Il sodalizio con Alberto Sordi
Non sarebbe esagerato affermare che vi sia una sorta di incantesimo che la Vitti ha fatto al pubblico, e per il quale lei è da considerarsi l’ultima grandissima diva del nostro schermo, amata da una platea di spettatori assai variegata, essendo l’attrice che suscita la maggiore simpatia e commozione in un modo trasversale, poiché alla fine ognuno di noi ama la “sua” Vitti. A tal proposito, siamo personalmente in aperto disaccordo col taglio della mostra, nel raccontarla quale “la Musa di Antonioni”. Certo, i film del valente regista ferrarese l’hanno lanciata, però, è a nostro avviso con Alberto Sordi che lei è divenuta La Vitti, poiché di Sordi era un perfetto ‘corrispondente’ al femminile, essendo stata l’unica donna che abbia mai potuto interpretare la compagna, moglie o amante che fosse, di questo incredibile attore. Allora, va ricordato che affianco a lui ella recitò in tre pellicole, dirette sempre da Sordi: Amore mio aiutami (1969), Polvere di stelle (1973), Io so che tu sai che io so (1982). Inoltre, il film del ’69 non solo la vide in quella che è probabilmente la sua interpretazione quintessenziale, nella quale la Vitti si mostra sensuale e goffa; romantica ed egoista; romana, in ciò differente dalla Magnani, ma non popolana. Amore mio aiutami è una opera che andrebbe riscoperta, in cui Sordi crea un autentico libello antimoderno di rara veridicità e schiettezza, senza però mai perdere quella leggerezza che è tipica del suo Cinema. Ma si sa, persino adesso che si va a inaugurare la sua casa-museo nei pressi delle Terme di Caracalla, come la critica militante italiana non riesca proprio a concedere a Sordi la qualità che si trova – non diciamo proprio in tutti – alcuni suoi film.

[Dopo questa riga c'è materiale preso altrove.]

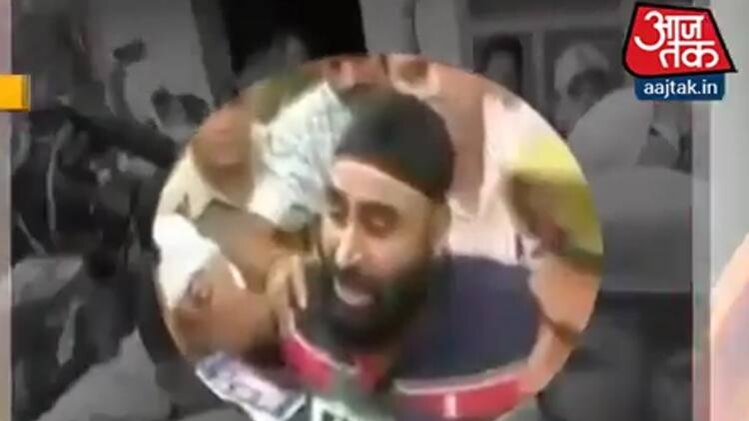 देविंदर बहल गिरफ्तार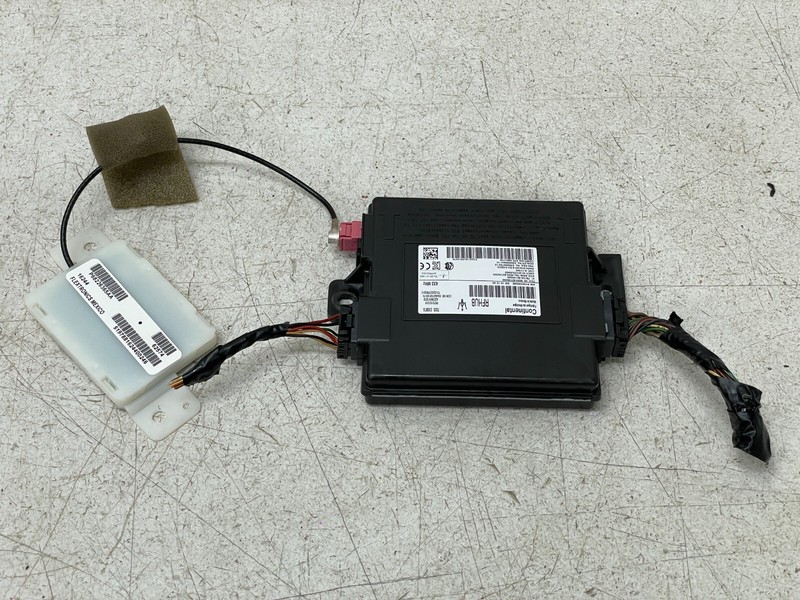 2017 2018 Maserati Levante Keyless Entry Remote Start Control Module 1442 OEM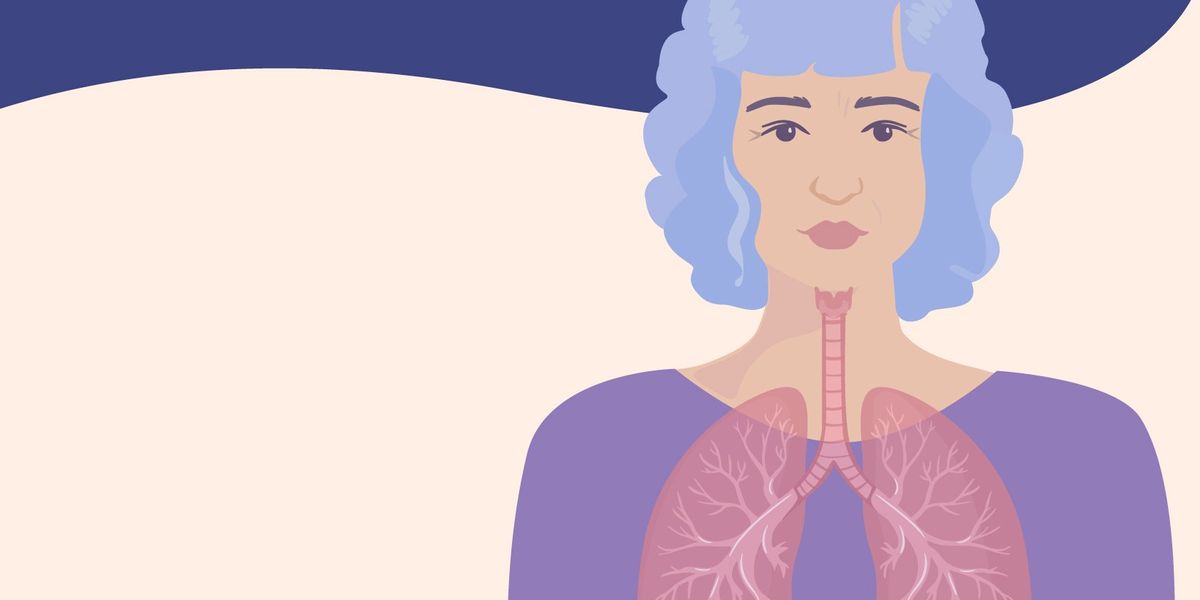 COPD and Menopause – HealthyWomen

Tornando alla Vitti, costei non è stata semplicemente una attrice, bensì la colonna di quasi tutti le pellicole in cui ha recitato, creando una tipologia femminile tutta sua, moderna, appassionata, sentimentale, disincantata, dolce, ma non troppo. Infatti, le tante foto qui esposte consentono di accorgersi che lo sguardo della Viti era contemporaneamente ammaliante e malinconico. Quattro decadi di cinema e spettacolo l’hanno vista riuscire nella ardua impresa di essere bella, eppure divertente; in possesso di una fisicità non certo comune, benché mai oggetto del desiderio. Forse è per questa ragione, nel suo essere stata sistematicamente diversa, che è riuscita a unire le due anime belligeranti del nostro cinema più grande: autorialità e commedia. In questa sintesi la Vitti è stata una attrice unica, purtroppo per noi irripetibile.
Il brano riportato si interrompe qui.